Lawmakers Look to Fight ‘Unfair’ China Subsidies

Senior U.S. lawmakers said on Wednesday they hope to move quickly on a bipartisan bill to preserve the Commerce Department's ability to impose duties on subsidized goods from China, which has been placed in jeopardy by a court ruling.

"This legislation preserves our ability to fight unfair subsidies granted by countries like China that injure our industries, cost U.S. jobs, and distort the market," Representative Dave Camp, Republican chairman of the House of Representatives Ways and Means Committee, said in a statement.

The United States currently has countervailing - or anti-subsidy - duties on about two dozen goods from China and Vietnam. But it could have to remove those in coming weeks because of a federal appeals court ruling that the Commerce Department does not have legal authority to impose countervailing duties on "non-market economies."

Camp said he would introduce the bill later on Wednesday along with Representative Kevin Brady, a Republican, and Representatives Sander Levin and Jim McDermott, both Democrats.

"We expect to move this legislation shortly," Camp said at hearing on the Obama administration's trade agenda for 2012.

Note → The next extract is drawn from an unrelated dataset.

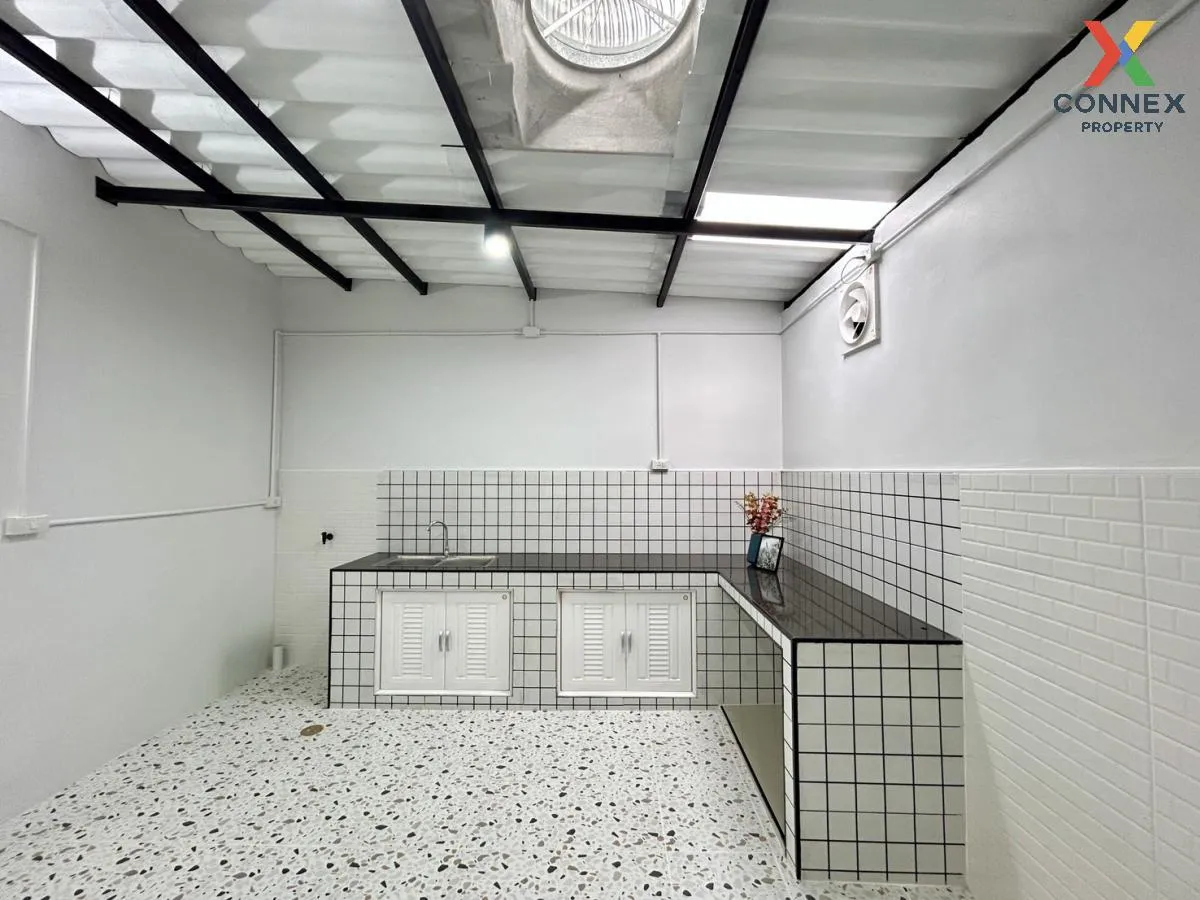 ขายทาวน์เฮ้าส์/ทาวน์โฮม  บ้านศรีเพชร เพชรเกษม 106 รีโนเวทใหม่ หนอ ขายทาวน์เฮ้าส์/ทาวน์โฮม  บ้านศรีเพชร เพชรเกษม 106 รีโนเวทใหม่ หนอ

A companion bill is expected to be introduced in the Senate.

"This is vital legislation for tens of thousands of American workers who would have had the rug pulled out from under them by the Court of Appeals decision," Levin said.

U.S. Trade Representative Ron Kirk told the Ways and Means panel the Obama administration supported quick passage of legislation to address the appeals court's "flawed decision."

Lawmakers on both the Ways and Means Committee and the Senate Finance Committee have been working for weeks on a bipartisan bill to address the court decision, but have run into opposition recently from a conservative Republican group, Club for Growth.

The group, which is influential with many Republicans in the conservative Tea Party movement, has urged lawmakers to vote against the legislation because it says the countervailing duties "restrict economic liberty and are anti-growth."

"Rather than pursue a pro-growth solution to this situation, like re-defining China and Vietnam as market economies, Congress wants to give the executive branch the continued authority to impose these punitive tariffs," the group's vice president Andy Roth said in a statement.

NON-MARKET ECONOMY

For years, the Commerce Department did not impose countervailing - or anti-subsidy - duties on non-market economies on the grounds it was impossible to measure subsidies in countries where the state played such a central role.

That changed in the mid-2000s, when industry groups persuaded the administration of then-President George W. Bush that China had advanced enough that it was possible to calculate subsidies. However, the groups did not want Commerce to take the additional step of designating China as a market economy because that could potentially adversely affect how another type of trade remedy, antidumping duties, are calculated.

China contested the policy change both at the World Trade Organization and through the U.S. court system.

At the WTO, it won a decision that the United States was "double counting" many Chinese subsidies when it applied both countervailing and antidumping duties on the same good.

Then in December, the U.S. Court of Appeals for the Federal Circuit ruled the Bush administration should have obtained legislation from Congress to make the policy change because the previous practice of not applying countervailing duties to non-market economies had become embedded in U.S. law.

The administration now has until March 5 to decide whether to ask the entire court of appeals to review the decision made by the three-judge panel in December.

If the review is granted, then the December court ruling would not go into effect while the issue is being considered by the full appeals court.

If the review is denied, then the Commerce Department could have to remove existing countervailing duties on goods from China and Vietnam within a matter of days.